9. Pix Under the Oaks - June 24, 2014

It’s been a lovely story Nancy. I hate to see it come to an end. Thanks for sharing with us!

nrhatch - June 24, 2014

Thanks, Pix. When I got to the last letter, it seemed anti-climatic. As if dad should have done a “sum up” once on the ship heading home.
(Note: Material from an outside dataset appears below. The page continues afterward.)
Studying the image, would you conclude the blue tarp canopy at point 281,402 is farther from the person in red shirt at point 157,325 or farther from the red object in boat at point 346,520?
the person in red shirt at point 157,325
10. colonialist - June 24, 2014

Incredibly interesting. I’m sorry he rushed the last part, a bit. It would have been super to have had more of the details.
His subsequent career was pretty spectacular, wasn’t it? That could also benefit from being told with less brevity!

nrhatch - June 24, 2014

Thanks, Col. He’s sprinkled here and there on SLTW. Here’s a short post and video from his work on Telstar:


nrhatch - June 24, 2014

And here’s a glimpse at his biography:

11. bluebee - June 25, 2014

Love the sarcasm about the washroom and the duffel bag.

nrhatch - June 25, 2014

Me too! His sarcasm spilled out mostly in letters to his kid sister, Marjorie. She’s my only aunt and is still fun to “tease.”

12. joannevalentinesimson - July 6, 2014

Nancy, I’ve finally gotten to the last of your posts on your dad’s time in Korea. I wanted to read them all as carefully as possible. Thanks for posting them. I’ve saved them in my “Korea file” for email. I don’t have many records from servicemen who were over there.

nrhatch - July 6, 2014

I’m glad you enjoyed, Joanne. I expect that even “saved letters” got misplaced over the years.